Sepsis ist unterdokumentiert
Ergebnisse einer Studie am Universitätsklinikum Jena legen nahe, dass die Zahl noch weitaus höher sein könnte und auch in Kliniken noch Bedarf für eine bessere Wahrnehmung der Sepsis besteht. Das Versorgungsforschungsprojekt untersuchte, wie gut die Sepsis und Risikofaktoren für eine Sepsis in den Abrechnungsdaten von Krankenhäusern abgebildet werden. Dazu sichteten Ärztinnen und Ärzte aus der Intensivmedizin mehr als 10.000 Patientenakten in zehn Kliniken, um auf Basis aller verfügbaren Informationen Fälle mit Sepsis zu identifizieren. „Dabei stellten wir fest, dass nur 50% der so gefundenen Sepsisfälle in der Akte auch mit dem Begriff „Sepsis“ dokumentiert waren, und sogar nur in jedem dritten Fall ein korrekter Diagnosecode für die Sepsis in den Routinedaten auftauchte“, fasst Projektleiter Dr. Daniel Schwarzkopf das Ergebnis zusammen, das jetzt auch im Fachjournal Infection veröffentlicht wurde. Das Studienteam stellte zudem große Unterschiede der Kodierung zwischen den Kliniken fest.

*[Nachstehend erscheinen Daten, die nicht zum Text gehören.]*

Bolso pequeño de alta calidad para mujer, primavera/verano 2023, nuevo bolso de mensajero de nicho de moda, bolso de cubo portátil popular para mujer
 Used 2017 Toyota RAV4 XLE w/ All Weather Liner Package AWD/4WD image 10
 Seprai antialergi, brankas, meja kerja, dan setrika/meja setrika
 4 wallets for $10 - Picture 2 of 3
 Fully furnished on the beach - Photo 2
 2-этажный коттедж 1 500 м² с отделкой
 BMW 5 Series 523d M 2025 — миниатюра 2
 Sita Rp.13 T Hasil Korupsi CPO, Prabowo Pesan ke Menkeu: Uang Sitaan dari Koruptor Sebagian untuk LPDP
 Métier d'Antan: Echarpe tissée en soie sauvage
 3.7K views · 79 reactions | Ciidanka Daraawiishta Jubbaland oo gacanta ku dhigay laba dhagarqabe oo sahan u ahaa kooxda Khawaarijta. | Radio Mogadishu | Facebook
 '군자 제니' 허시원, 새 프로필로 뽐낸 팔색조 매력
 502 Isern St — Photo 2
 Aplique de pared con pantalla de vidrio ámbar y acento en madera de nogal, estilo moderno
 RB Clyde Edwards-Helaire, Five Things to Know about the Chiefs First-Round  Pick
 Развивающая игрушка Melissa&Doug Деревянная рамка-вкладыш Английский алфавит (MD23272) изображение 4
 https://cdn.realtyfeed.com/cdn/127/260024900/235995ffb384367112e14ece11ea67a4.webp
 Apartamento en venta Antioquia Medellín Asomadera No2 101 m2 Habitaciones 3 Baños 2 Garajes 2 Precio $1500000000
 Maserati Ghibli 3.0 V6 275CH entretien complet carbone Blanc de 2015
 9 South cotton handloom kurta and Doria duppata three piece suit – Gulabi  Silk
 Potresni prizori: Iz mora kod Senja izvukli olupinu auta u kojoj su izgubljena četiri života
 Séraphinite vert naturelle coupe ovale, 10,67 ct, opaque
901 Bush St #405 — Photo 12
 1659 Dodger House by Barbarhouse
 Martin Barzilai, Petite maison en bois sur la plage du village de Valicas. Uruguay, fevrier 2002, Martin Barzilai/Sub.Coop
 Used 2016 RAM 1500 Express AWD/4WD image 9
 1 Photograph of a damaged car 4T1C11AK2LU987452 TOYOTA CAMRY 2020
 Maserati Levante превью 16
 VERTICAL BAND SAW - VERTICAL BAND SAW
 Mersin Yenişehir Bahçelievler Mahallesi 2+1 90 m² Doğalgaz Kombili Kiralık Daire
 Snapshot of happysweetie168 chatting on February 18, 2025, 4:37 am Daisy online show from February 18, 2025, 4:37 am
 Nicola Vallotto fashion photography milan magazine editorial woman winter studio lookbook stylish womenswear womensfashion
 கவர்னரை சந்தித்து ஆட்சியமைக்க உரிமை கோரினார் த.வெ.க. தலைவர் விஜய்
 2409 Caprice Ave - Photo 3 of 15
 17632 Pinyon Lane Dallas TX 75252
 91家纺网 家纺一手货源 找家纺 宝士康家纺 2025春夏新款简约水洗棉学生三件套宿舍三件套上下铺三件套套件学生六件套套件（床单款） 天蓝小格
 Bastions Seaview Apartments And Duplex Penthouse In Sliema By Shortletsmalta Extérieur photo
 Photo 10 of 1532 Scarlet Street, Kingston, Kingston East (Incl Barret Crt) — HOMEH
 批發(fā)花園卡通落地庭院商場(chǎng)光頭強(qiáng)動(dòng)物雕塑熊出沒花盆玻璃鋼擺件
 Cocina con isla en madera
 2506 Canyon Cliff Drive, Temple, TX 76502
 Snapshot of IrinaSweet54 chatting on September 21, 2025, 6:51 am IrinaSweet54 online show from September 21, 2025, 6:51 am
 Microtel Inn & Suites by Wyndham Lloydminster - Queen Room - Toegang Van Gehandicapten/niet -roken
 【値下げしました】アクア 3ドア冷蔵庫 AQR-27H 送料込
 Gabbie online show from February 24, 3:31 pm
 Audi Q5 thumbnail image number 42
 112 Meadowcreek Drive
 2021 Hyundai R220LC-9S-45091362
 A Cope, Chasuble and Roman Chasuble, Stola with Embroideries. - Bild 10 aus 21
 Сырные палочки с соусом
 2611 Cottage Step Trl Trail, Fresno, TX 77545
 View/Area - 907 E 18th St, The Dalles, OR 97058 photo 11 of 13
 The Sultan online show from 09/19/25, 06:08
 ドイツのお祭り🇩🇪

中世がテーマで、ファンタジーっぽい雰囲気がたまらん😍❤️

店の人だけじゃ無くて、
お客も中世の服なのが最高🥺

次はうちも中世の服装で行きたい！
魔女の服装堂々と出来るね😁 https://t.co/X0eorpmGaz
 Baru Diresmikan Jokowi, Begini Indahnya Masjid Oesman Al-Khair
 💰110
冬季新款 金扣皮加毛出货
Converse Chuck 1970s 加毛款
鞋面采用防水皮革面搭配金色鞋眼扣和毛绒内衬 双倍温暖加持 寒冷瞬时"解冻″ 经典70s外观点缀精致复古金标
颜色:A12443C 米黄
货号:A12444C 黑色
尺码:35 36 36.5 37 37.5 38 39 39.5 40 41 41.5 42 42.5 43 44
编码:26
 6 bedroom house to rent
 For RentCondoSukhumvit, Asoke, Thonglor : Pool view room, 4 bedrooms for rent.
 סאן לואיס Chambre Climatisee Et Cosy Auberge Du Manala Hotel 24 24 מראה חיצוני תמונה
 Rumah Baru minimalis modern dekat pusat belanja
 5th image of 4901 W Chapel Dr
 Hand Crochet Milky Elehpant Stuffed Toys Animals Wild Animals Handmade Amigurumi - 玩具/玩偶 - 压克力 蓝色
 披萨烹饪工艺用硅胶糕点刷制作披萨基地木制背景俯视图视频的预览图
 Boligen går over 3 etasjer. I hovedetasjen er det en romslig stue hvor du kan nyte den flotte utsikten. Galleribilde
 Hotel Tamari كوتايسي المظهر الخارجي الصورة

Qualitätssicherung ermöglichen
Die Kodierung verschlüsselt medizinische Diagnosen und Therapiemaßnahmen für die Abrechnung der Krankenhausleistungen. Diese Routinedaten sind die wichtigste Informationsquelle, um die Häufigkeit und Sterblichkeit der Sepsis in Deutschland zu ermitteln, und um die Versorgungsqualität der Krankenhäuser bewerten zu können. Genau das ist das Ziel des Deutschen Qualitätsbündnisses Sepsis, das am Universitätsklinikum Jena koordiniert wird und an dem über 60 Krankenhäuser deutschlandweit teilnehmen. „Für eine bessere Datengrundlage bei Qualitätssicherung in der Sepsisversorgung ist es von zentraler Bedeutung, dass bei der Dokumentation und Kodierung die aktuellen klinischen Definitionen und internationalen Diagnose-Klassifikationen berücksichtigt werden“, betont Dr. Ulf Dennler vom Universitätsklinikum Würzburg. Er ist Erstautor eines Kodierleitfadens, in dem das Qualitätsbündnis und die Deutsche Sepsisgesellschaft eine Handreichung für die Kodierung und Dokumentation von Sepsis und von Organversagen geben. Der Kodierleitfaden enthält zusätzlich Querverweise zur Qualitätssicherung. „Bislang ist die Kodierung der Sepsis nicht ausreichend, um die Daten für epidemiologische Studien oder das Qualitätsmanagement zu nutzen. Mit dem Leitfaden wollen wir die behandelnden Ärztinnen und Ärzte für Risikofaktoren und das frühzeitige Erkennen einer Sepsis sensibilisieren und die Routinedaten nutzbar machen für Qualitätssicherungsverfahren in der Sepsisbehandlung“, so die Autoren des Leitfadens.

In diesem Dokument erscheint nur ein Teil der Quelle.